Direktur Jenderal Energi Baru Terbarukan dan Konservasi Energi (EBTKE) Eniya Listiani Dewi juga menyatakan kesiapan pemerintah untuk menjalankan program B40, termasuk dalam mempersiapkan infrastruktur penunjang. “Persiapan ini tidak hanya mencakup produksi, tetapi juga transportasi, logistik, dan pelabuhan. Semua harus siap pada Desember 2024,” jelas Eniya.

Selain B40, pemerintah juga berencana mengembangkan biodiesel B50. Uji coba lapangan untuk biodiesel B50 sudah dilakukan di Kalimantan Selatan. “Pengujian ini untuk memastikan mesin-mesin dapat beroperasi optimal dengan bahan bakar FAME yang lebih tinggi,” kata Eniya.

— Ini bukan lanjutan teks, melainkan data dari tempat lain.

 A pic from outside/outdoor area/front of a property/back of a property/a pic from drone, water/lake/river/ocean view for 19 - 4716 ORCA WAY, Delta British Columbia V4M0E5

Meski B100 menjadi tujuan akhir dari program biodiesel ini, Menteri Bahlil mengakui bahwa untuk mencapai target tersebut, pemerintah dan industri menghadapi tantangan. Peningkatan kapasitas produksi biodiesel hingga B100 memerlukan investasi besar serta dukungan teknologi canggih yang sesuai standar internasional. “Kami perlu memastikan industri dapat memenuhi kualitas yang kompetitif secara global, termasuk investasi pada peralatan dan teknologi yang sesuai,” tambah Bahlil.

Pemerintah terus mendorong sektor industri untuk berpartisipasi dalam investasi dan inovasi teknologi guna mendukung transisi ke bahan bakar ramah lingkungan. Dukungan ini dilakukan dengan penyusunan regulasi yang ramah investasi serta pendampingan teknis agar industri dapat beradaptasi dengan standar baru.

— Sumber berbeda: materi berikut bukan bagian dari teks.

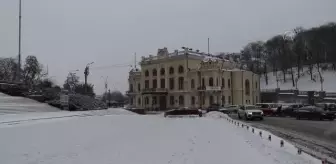 Kırımlı tutukluları anmak için alt geçit 'hapishane koridoruna' çevrildi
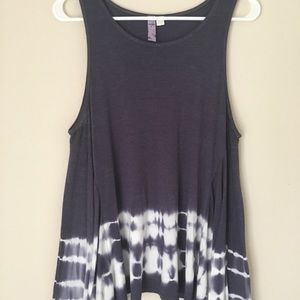 Women’s navy blue tank top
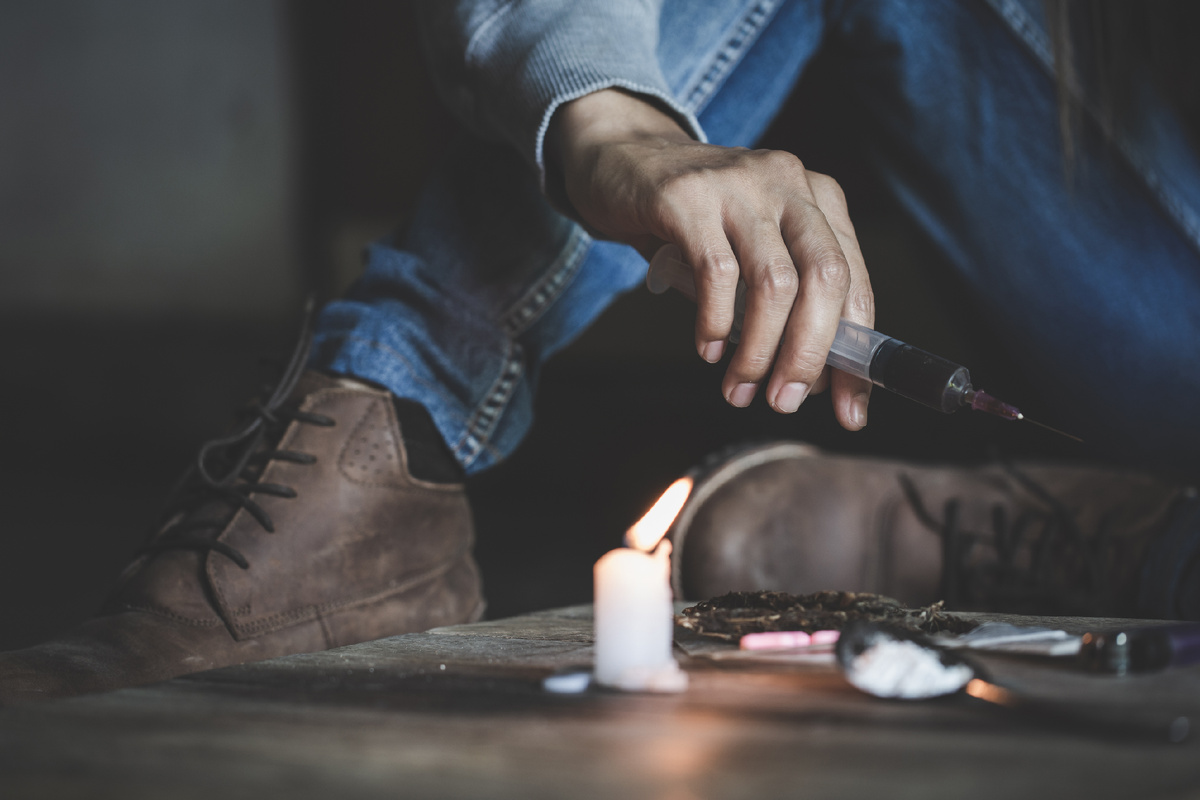 Природа синдрома зависимости при алкоголизме, наркомании и токсикомании. (Источник изображения freepik.com)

Bahlil menjelaskan bahwa peningkatan penggunaan biodiesel diharapkan memberi dampak positif bagi perekonomian Indonesia melalui penurunan ketergantungan impor bahan bakar fosil dan peningkatan nilai tambah komoditas lokal, seperti minyak sawit. “Dengan meningkatnya permintaan minyak sawit untuk biodiesel, kesejahteraan petani sawit diharapkan juga ikut terdongkrak,” tuturnya.

Upaya pemerintah dalam mempercepat transisi biodiesel ini sejalan dengan visi keberlanjutan dan ketahanan energi nasional. Jika implementasi biodiesel B100 berjalan sesuai rencana, Indonesia berpotensi menjadi negara pertama di Asia Tenggara yang menggunakan biodiesel secara penuh. (Hartatik)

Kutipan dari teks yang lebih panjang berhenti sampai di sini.